Englishman Mike Charlesworth has emerged as a saviour of the embattled Central Coast Mariners with the club confirming a large cash infusion from its existing investor.
This follows the claim made in a report on The World Game on Thursday that the club was made a substantial offer by South Melbourne Football Club for a takeover at a down payment of $4 million, subject to due diligence and sanctioning by Football Federation Australia.
The claim that the South Melbourne offer was made came from reliable sources close to the discussions South Melbourne has been having with the Mariners since December.
A source close to FFA said: "There has been no agreement made between the CCM board and a Melbourne-based consortium for the sale of Central Coast Mariners" - a comment echoed by a spokesman for the Mariners.
It is believed the South Melbourne board was meeting tonight to discuss the turn of events and it is not expected the club will make any public comment until after the meeting.
Discussions on Thursday night involving Charlesworth, chairman Peter Turnbull and minortiy shareholder Lyall Gorman concluded with an undisoclosed amount being injected into the club to keep it afloat.
The fresh cash will cover immediate payments to players, coaches and staff of overdue wages and the agreement between the trio sees Gorman - chairman of rival A-League club Western Sydney - relinquish his shareholding.
The club claims the funds will allow the Mariners to implement business plans and end long-standing fears over its financial future.
Property developer Turnbull, who has dug deep to prop up the Mariners in the past few years, confirmed: 'Mike, Lyall and I have always placed top priority on the good of the Mariners and Central Coast football.
'The club is an integral part of the Central Coast region and we are determined to build a strong and stable club.
'In particular, I pay tribute to Lyall for his achievements in establishing the club. This agreement will see Lyall sever his formal ties with the Mariners, but he’ll always have a special place in the club."
Turnbull hailed Charlesworth's injection of capital as a turning point.

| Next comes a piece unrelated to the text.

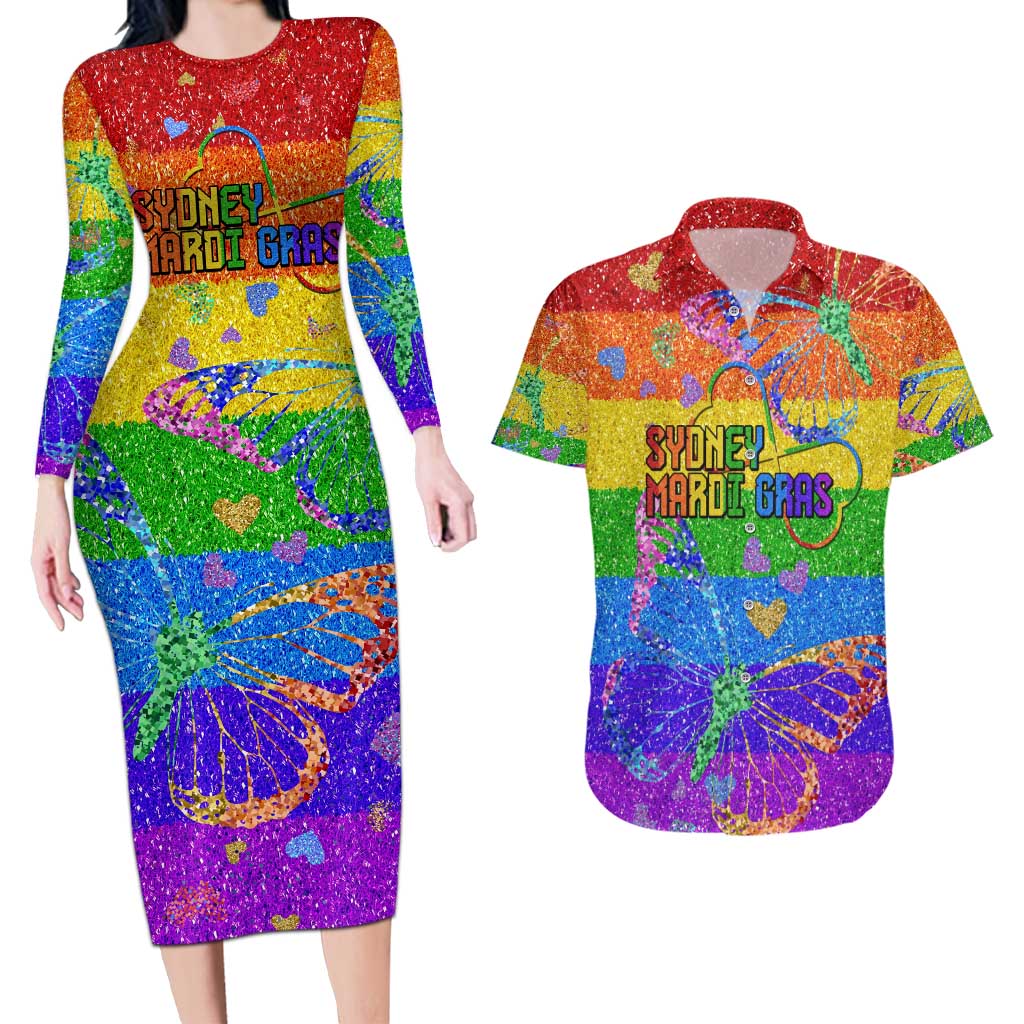 Sydney Mardi Gras Personalized Couples Matching Long Sleeve Bodycon Dress and Hawaiian Shirt Pride Rainbow Glitter Colorful Style LT9 - Wonder Print Shop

'Mike is a football man, like the rest of us, and he has a great passion for the game and the Mariners," he added.
"Today’s agreement means the Mariners legacy will only get stronger."
The news of businessman Charlesworth's intervention will come as a relief to the embattled playing group, which has been embroiled in a protracted dispute with the club over unpaid wages.
Mariners coach Graham Arnold praised the attitude of his players in a torrid week of speculation that culminated in reports they were prepared to take strike action if their wage demands were not met.
'It’s been a tough week for the players," Arnold said. 'But they are a great bunch of boys and the leadership group has done a great job of keeping them all together."
'Today is the first day that I have seen them because I gave them a few days off, but morale is high."
'Before training the Peter Turnbull and Mike Charlesworth had a chat to them over loudspeaker on the phone to inform them what’s going on and I think that’s relaxed a lot of the players."
'On the football side of it the players have a job to do. I have a job to do as coach and we’ve just got to get on with things. We’ve got a big game against Adelaide this weekend and we’ll make sure we’re ready for it."